**What the task requires:**
Could you restate the entries word for word, without the images?

**Material for this exercise:**

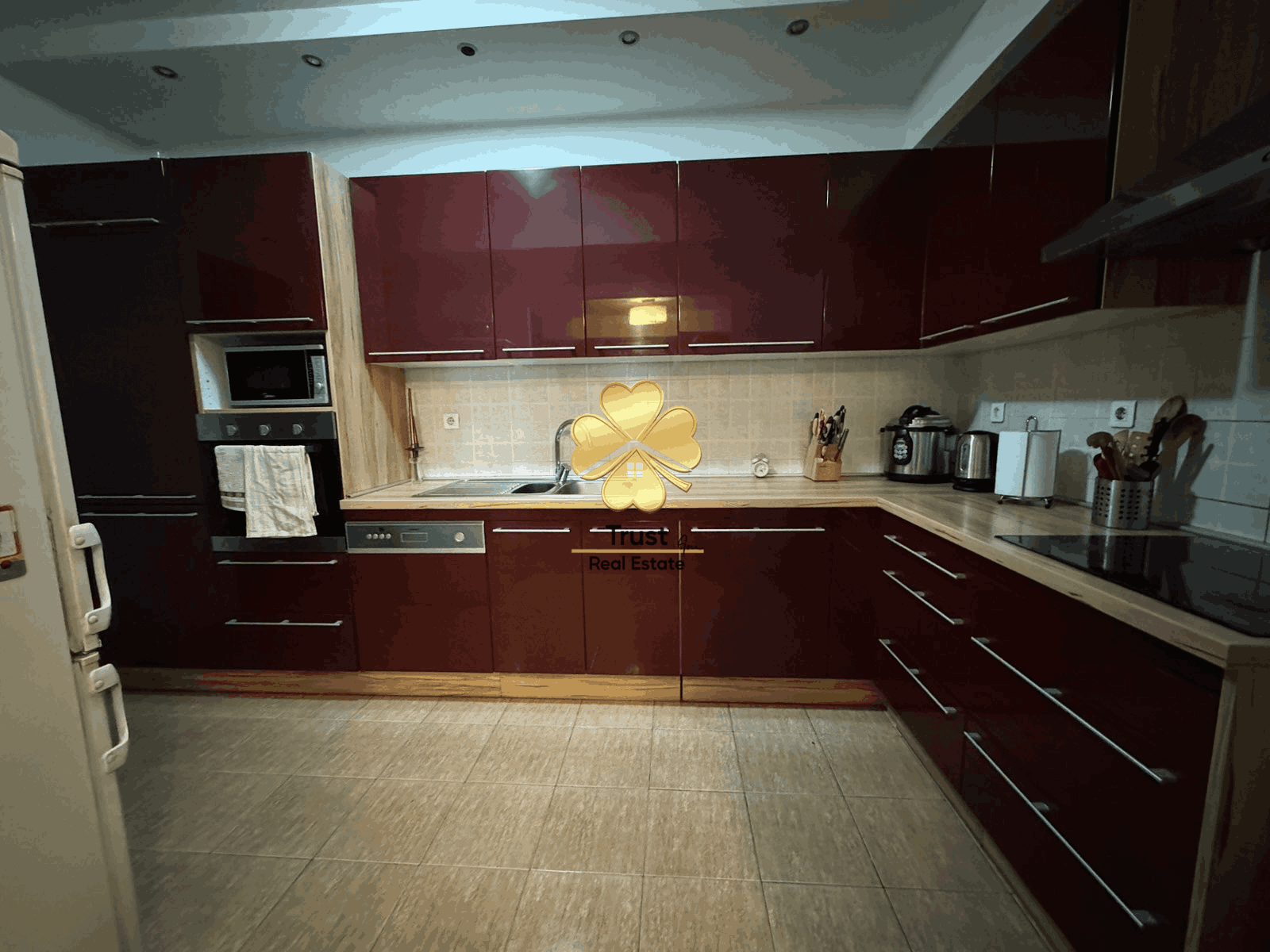 Apartment for sale in City Kvart, Podgorica — photo 5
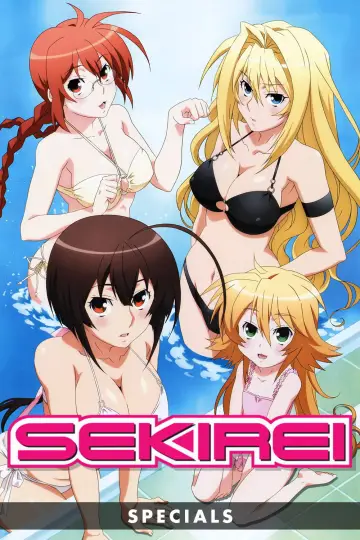 Poster for the TV series "Sekirei" #1306062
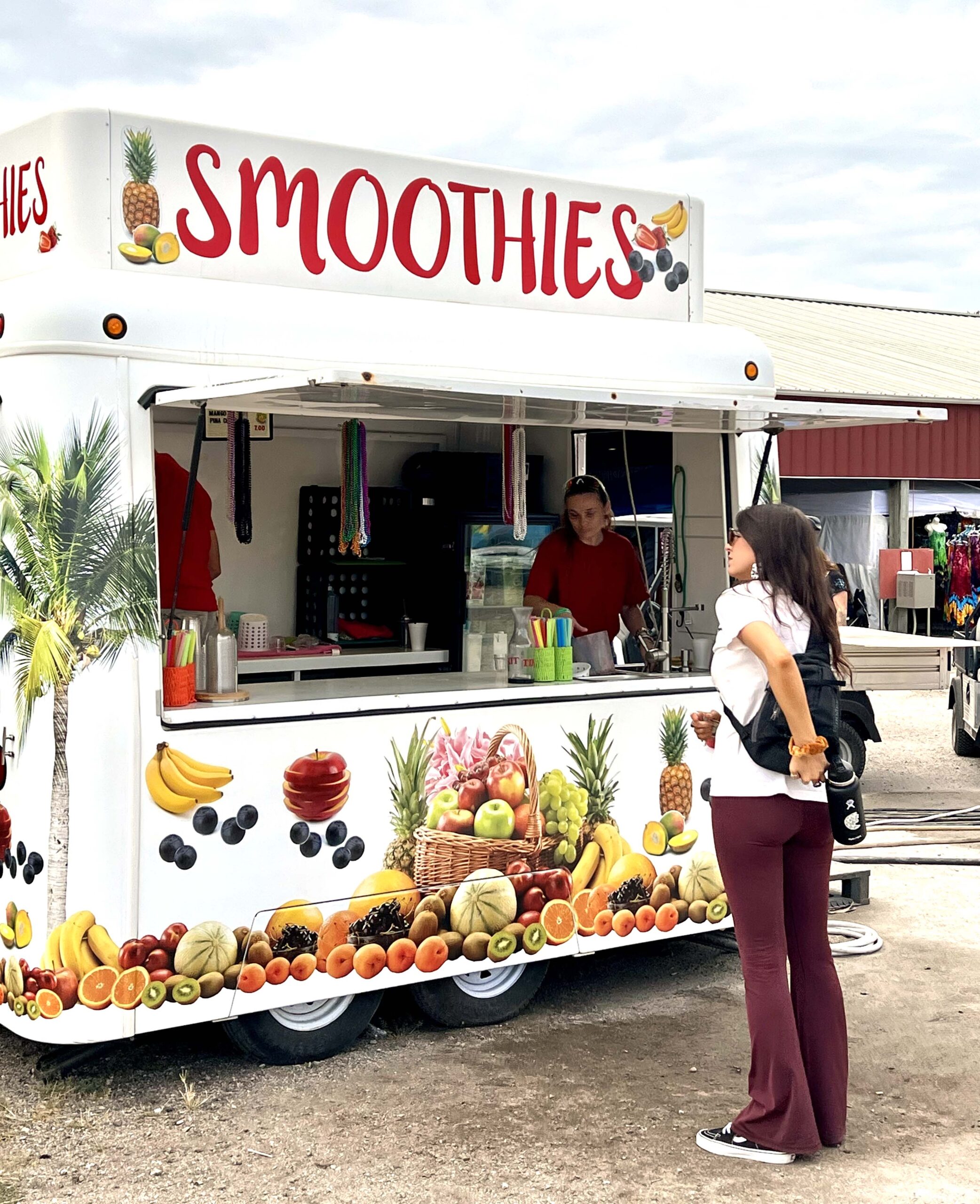 Smoothies Truck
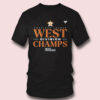 Houston Astros Take October 2023 Postseason T-shirt, Sweatshirt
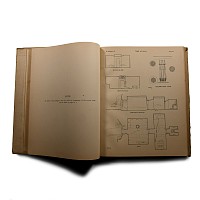 Archaeological Books - Davies, N. de G. - The Rock Tombs of El-Amarna (Egypt), Part III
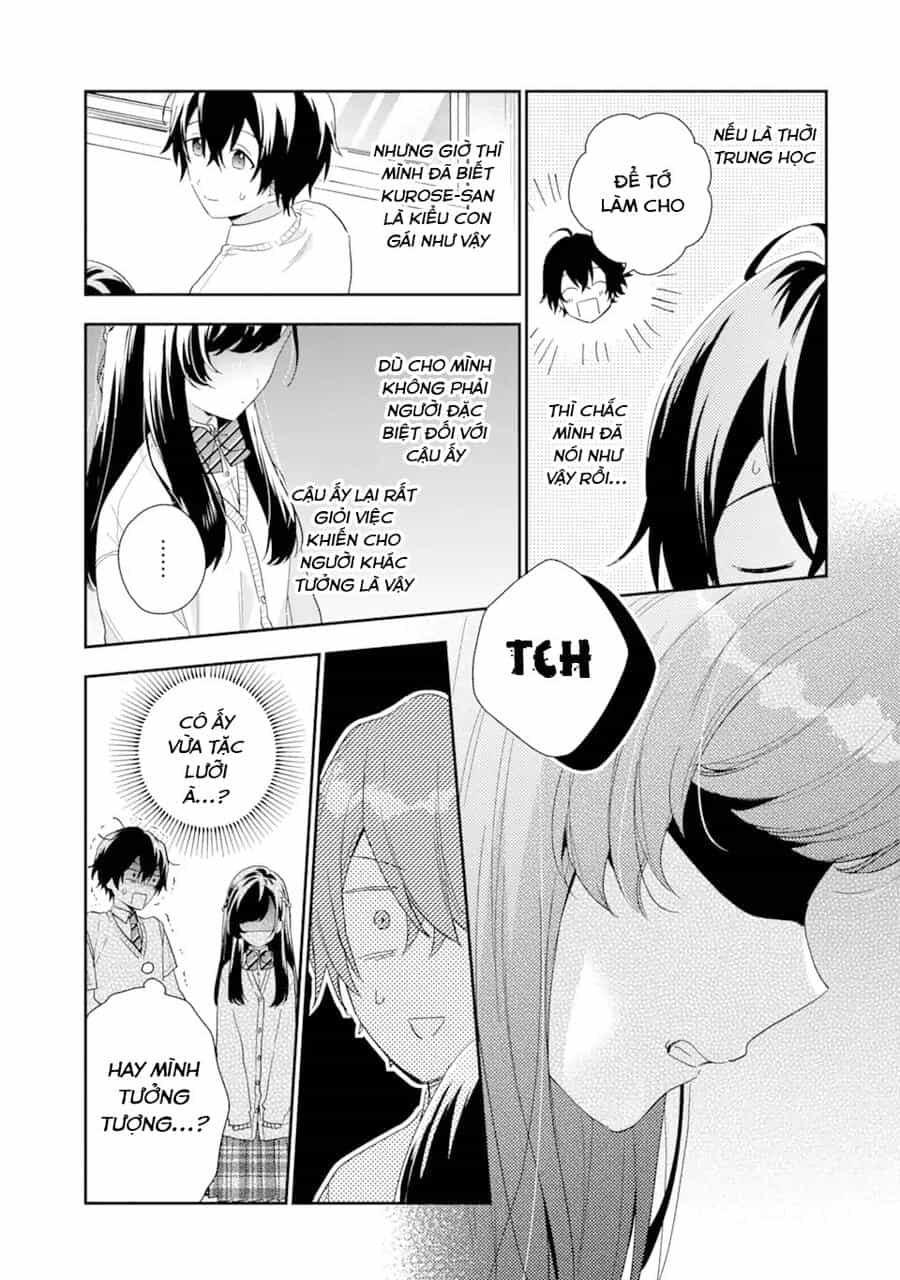 Our Dating Story: The Experienced You And The Inexperienced Me - Chương 5.1 - ảnh 24
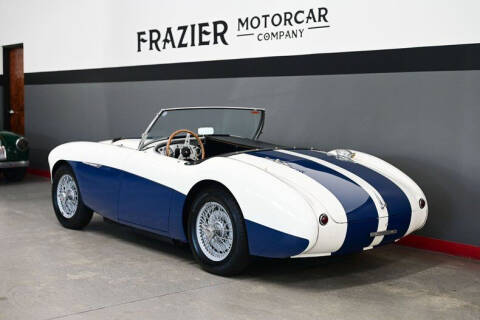 1954 Austin 100-4 BN1 LEMANS PKG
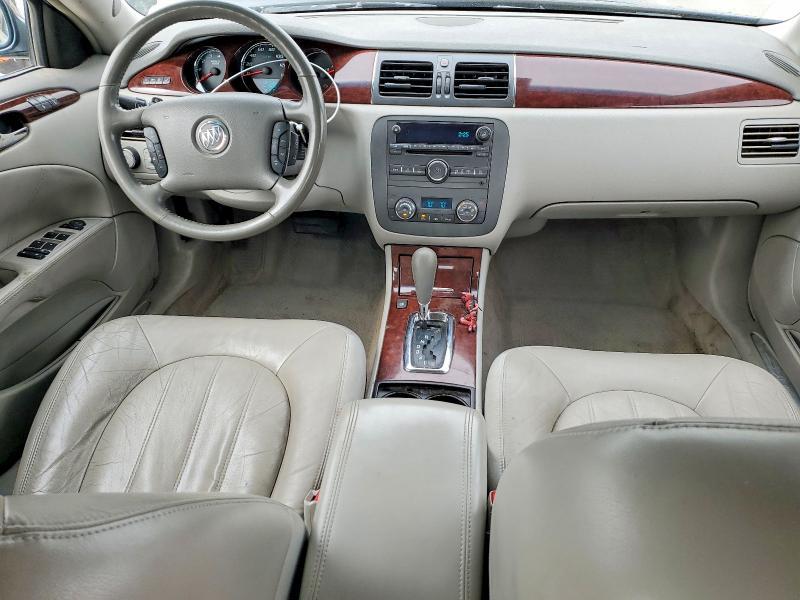 2009 Buick Lucerne cxl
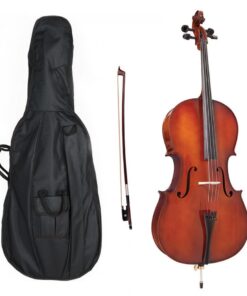 Antoni Debut Cello Outfits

**Answer box:**
 Apartment for sale in City Kvart, Podgorica — photo 5
 Poster for the TV series "Sekirei" #1306062
 Smoothies Truck
 Houston Astros Take October 2023 Postseason T-shirt, Sweatshirt
 Archaeological Books - Davies, N. de G. - The Rock Tombs of El-Amarna (Egypt), Part III
 Our Dating Story: The Experienced You And The Inexperienced Me - Chương 5.1 - ảnh 24
 1954 Austin 100-4 BN1 LEMANS PKG
 2009 Buick Lucerne cxl
 Antoni Debut Cello Outfits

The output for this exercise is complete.